(a) Number. Each party shall be allowed the following number of peremptory challenges:
(1) Felonies Punishable by Death or Imprisonment for Life. Ten, if the offense charged is punishable by death or imprisonment for life.
(2) All Other Felonies. Six, if the offense charged is a felony not punishable by death or imprisonment for life.
(3) Misdemeanors. Three, if the offense charged is a misdemeanor.
(b) Codefendants. If 2 or more defendants are jointly tried, each defendant shall be allowed the number of peremptory challenges specified above, and in such case the state shall be allowed as many challenges as are allowed to all of the defendants.
(c) Multiple Counts and Multiple Charging Documents. If an indictment or information contains 2 or more counts or if 2 or more indictments or informations are consolidated for trial, the defendant shall be allowed the number of peremptory challenges that would be permissible in a single case, but in the interest of justice the judge may use judicial discretion in extenuating circumstances to grant additional challenges to the accumulated maximum based on the number of charges or cases included when it appears that there is a possibility that the state or the defendant may be prejudiced. The state and the defendant shall be allowed an equal number of challenges.

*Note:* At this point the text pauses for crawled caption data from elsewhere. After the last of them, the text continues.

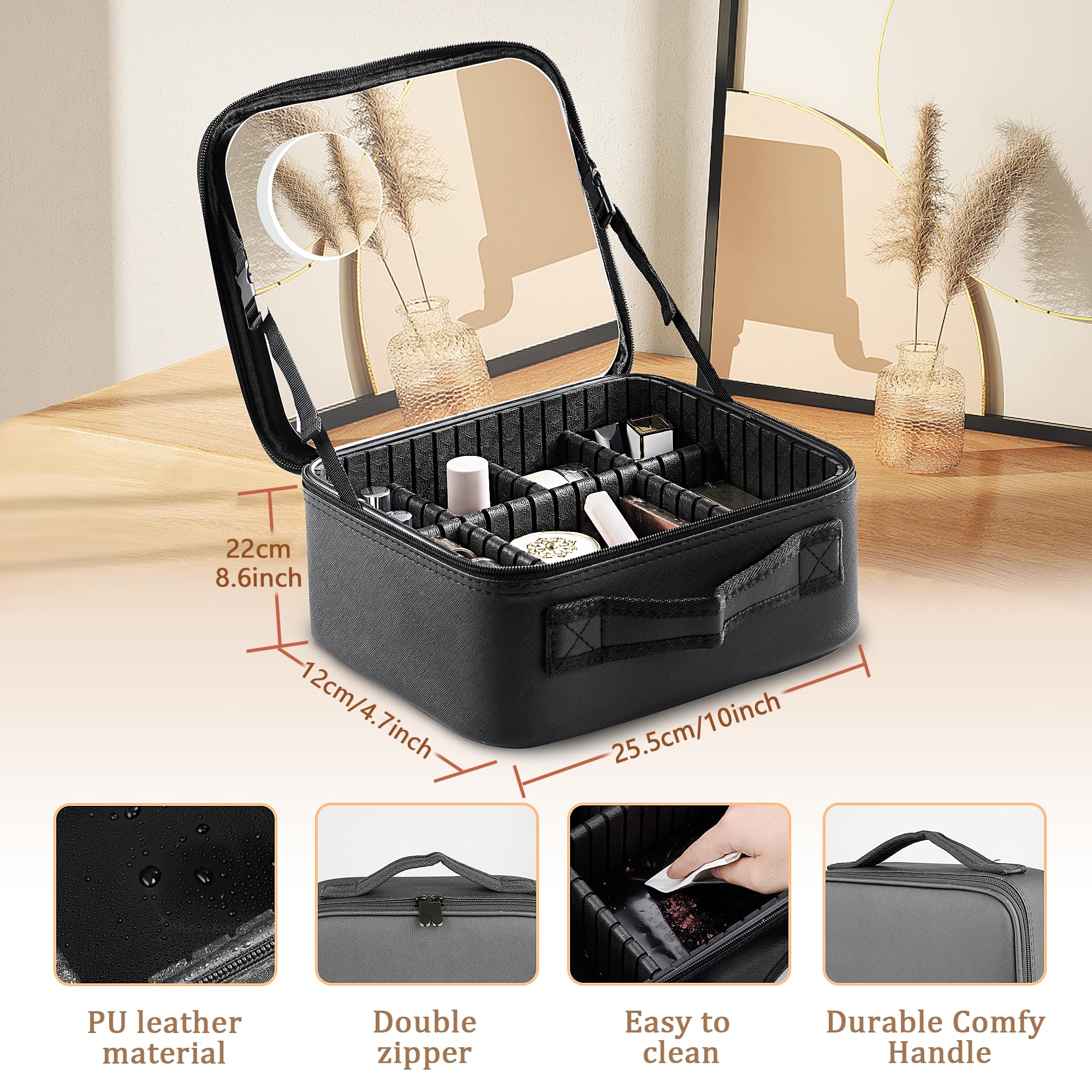 Makeup Bag with Mirror & 10x Magnification - Adjustable Dividers Cosmetic Organizer - Travel Makeup Case for Women (Black) - Perfect for Travel, Home & Salon Use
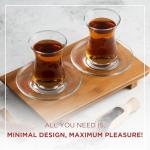 ums Turkish Tea Glass Set, Slim Waist Design and Thick Sole Prevent Tea From Getting Cold, Easy to Keep for 6 People, 6 Saucers, 6 Glasses, Useful Set (12 Pieces)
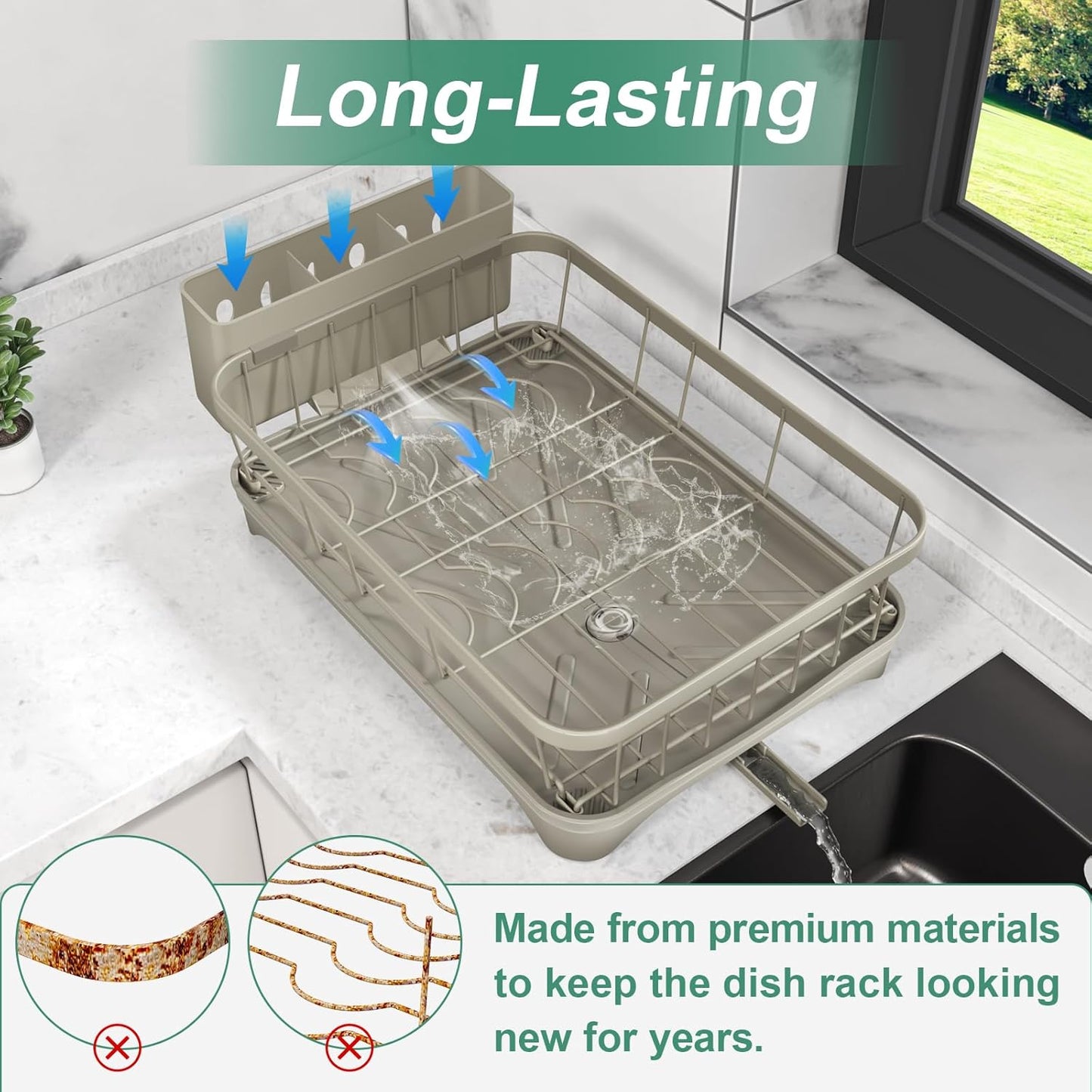 Kitchen Dish Drying Rack – Large Capacity Single Tier Dish Drainer with Drainboard & Utensil Holders, Kitchen Organizer for Dishes, Spoons and Forks, Grey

(d) Alternate Jurors. If 1 or 2 alternate jurors are called, each party is entitled to 1 peremptory challenge, in addition to those otherwise allowed by law, for each alternate juror so called. The additional peremptory challenge may be used only against the alternate juror and the other peremptory challenges allowed by law shall not be used against the alternate juror.
(e) Additional Challenges. The trial judge may exercise discretion to allow additional peremptory challenges when appropriate.